I find that much that is written about hope is written from a very theoretical standpoint, exploring Hope as a construct within philosophy, sociology or anthropology.   Even the scriptures given for this first Sunday of Hope can tend to keep us in that speculative realm, viewing Hope as something that resides in a distant promise that the final resolution of life as we know it, will be a return of Christ and the unveiling of a new heaven and a new earth.

But for me, Hope is something we need every day; right now, not just on the horizon of eternity.  It’s the key ingredient to a day where everything is going wrong.  It’s the motivator when our big plans fail.  It’s the comforter when we lose a loved one. It’s the sustaining light when life starts to be sopped in by hopelessness.   And, most importantly, Hope is always there, even when we can only see disappointment, and loss, and regret.

Rabbi Harold Kushner, author of When bad things happen to good people, has written a wonderful book entitled Overcoming Life’s Disappointments.  In this book, Rabbi Kushner uses the life of Moses to examine the way that God brings us forward when things turn sour.  Perhaps the high point of this book, for me, was Kushner’s  re-framing of the encounter in the 3rd chapter of Exodus between Moses and God at the burning bush.  This is the time where Moses asked God, “what shall we call you? What is your name?”  and God replies,  “ I AM who I AM”.

I’ve always loved this scripture, because it reminds us that God is not defined by a particular function - God is more about “being” than “doing”.  But Rabbi Kushner (p.15) takes this text in a different direction entirely, radically changing my understanding of the nature of God.   He calls the Hebrew in this scripture “virtually untranslatable” with most translators going for “I am who I am” or “I will be who I will be” but in reality the Hebrew is more like “I be” or “I am being.” Kushner notes that elsewhere in scripture, these words are translated, “I am with you.”  Think of that for a moment.  When God grants humanity that one direct, physical manifestation - a burning bush - and is asked, “what is your name?”, the answer is, “my name is – I am with you.”

Could it be, then, that the core of our relationship with God is not so much love, or justice, or peace, or guidance, or deliverance?  Could it be that all of those things are wonderful manifestations of God’s glory, but the very core of our relationship with God is simply that “God is with us”?   The idea of God’s self-identification being “my name is – I am with you” brings my theology of hope to a whole new level.

From the fall of 2000 until this summer, I worked at a school for gifted learners.   The societal view of giftedness typically figures that a gifted program would simply scoop the kids with the best marks so they could go off and be smart together.  But my understanding of giftedness, and the principles under which our school was founded, bears little resemblance to that.
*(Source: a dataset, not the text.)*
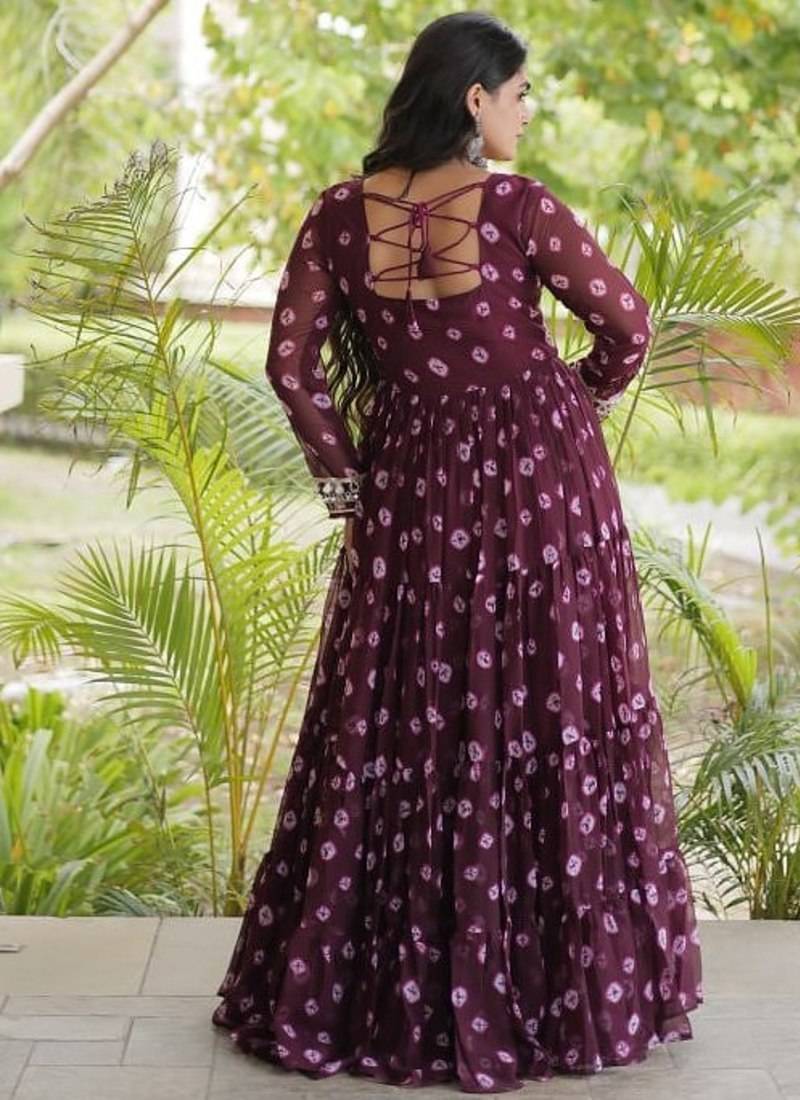 Bandhani print faux georgette gown with kutchi patchwork | 12 meter flair | m-xxl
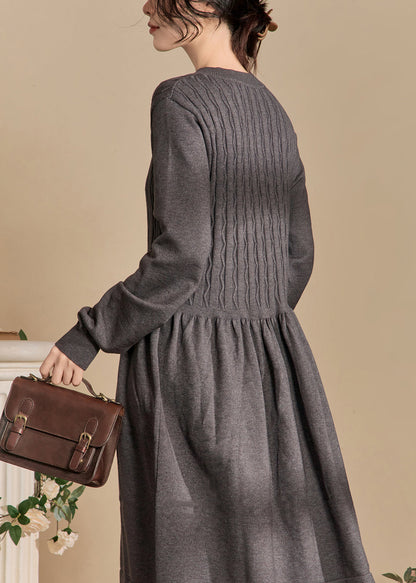 Grey Lace Up Knit Dresses Spring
Yes, gifted children have a great capacity for academic learning, but it’s the intensity of their inner world that defines them as a group.  Their curiosity is intense,  their creativity is intense, their interests and hobbies are intensely held, their attention span and their ability to synthesize disparate ideas are unusually strong, their need to understand is through the roof.   But what happens when that intensity bumps up against the inevitable curves and roadblocks of life?  What happens when there is not enough time to make things perfect?  What happens when the world around you fails to understand a deep concept that you mastered in mere moments? What happens when you cannot make sense of something that matters deeply to you? 

Working in a gifted population, the number one goal is not academic excellence, it’s the building of resilience.   Resilience helps gifted kids to develop a toolbox to help them figure out what to do next when their passionate intensity is thwarted.  And that’s true for any of us.  When we believe passionately in something – in a dream we are pursuing, in a relationship we expect to be free of betrayal, in an investment we’ve sunk everything into – we need to have a way to move forward when there is a stumble or unexpected development.

There’s any number of educational or developmental strategies to help us build resilience, but I come back to the words of Harold Kushner:  at the very heart of God, is this reality – GOD IS WITH US.  For no matter how much we were counting on that dream, no matter how much we trusted that relationship, no matter how much our future relied on those dollars, the power of God’s love is greater.   And that’s true whether we picture God as a heavenly being whom we can talk to, or as the life-force of the cosmos.  The only building block truly needed for resilience, the source of all hope, is that in all things, God is with us.    

When I ponder the gift of hope, there are two things I want to do with it.  First off is good old fashioned praise, I want to thank God with my whole being for the gift of hope.  But the second thing is, I pray that the gift of divine hope could be a strong and recognized force within everyone’s life.  

In particular, from my experience working at a school, and from observing my own extended family, I see a huge population of youth and young adults who have grown up without any sense of a divine presence in their lives.   Now, this is certainly not a new problem – even when I was growing up, ours was one of the VERY few households in our neighbourhood that went to Church on Sundays, and God-talk was reserved for those with very narrow religious views - but these days, I do see a diminished sense that life has a divine context as well as a human context.   On the upside, social media like Facebook have increased the amount of support that youth and young adults can find through various circles of friends, but the downside is that those same circles of friends can turn on you in a huge, fickle wave. That cannot be the source of one’s hope.    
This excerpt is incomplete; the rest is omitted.